Swissair's problems will dominate the headlines again in the coming week Keystone Archive

Investors will be keenly watching how top Swiss firms are coping with the economic downturn this week with a clutch of blue chip companies due to release third-quarter results. But attention will also remain firmly focused on the fortunes of the Swissair Group.

Switzerland’s biggest corporate collapse will continue to grab the headlines as the government, banks, trade unions and the regional carrier Crossair, work on a salvage plan for the collapsed airline.

The Swissair Group was brought to its knees by the combined effects of heavy debts, because of an over-ambitious and failed foreign expansion drive, and a drop in air travel after the September 11 attacks in the United States.

Evidence mounted last week that an ambitious rescue plan for Swissair would have to be scaled down, raising fears by unions that more job losses were in store on top of 9,000 already announced. Unions warned that up to 17,000 Swissair jobs could be at risk in Switzerland alone.

The SFr1.4 billion rescue plan, put together by UBS and Credit Suisse Group, envisaged that two-thirds of Swissair’s fleet – 52 planes – would be taken over by Crossair, which would become the country’s flag carrier.

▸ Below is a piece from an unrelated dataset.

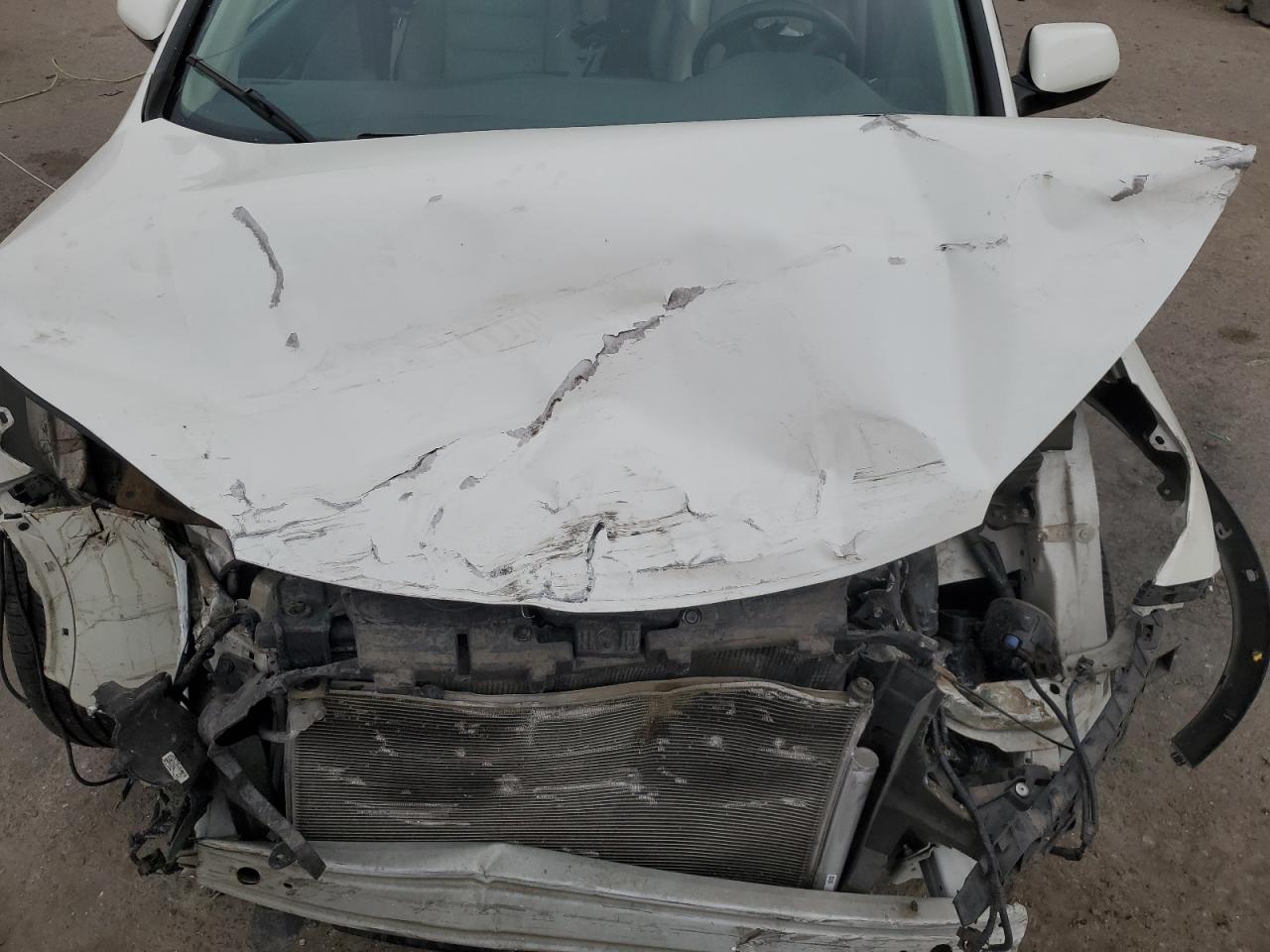 2014 Honda CR-V - Image 13
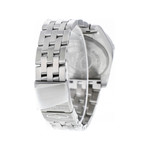 Montre d'occasion Breitling Chronomat homme chronographe automatique acier - vue 3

However, last week Crossair raised doubts that it could secure sufficient capital to take over 52 of Swissair’s planes or operate long-haul flights. The carrier was due to absorb the planes and routes as of October 28.

Roche prospects better

Prospects for the Basel-based healthcare group Roche, are looking up, with most analysts upbeat about the company’s performance ahead of its third-quarter sales, which are due for release on Tuesday.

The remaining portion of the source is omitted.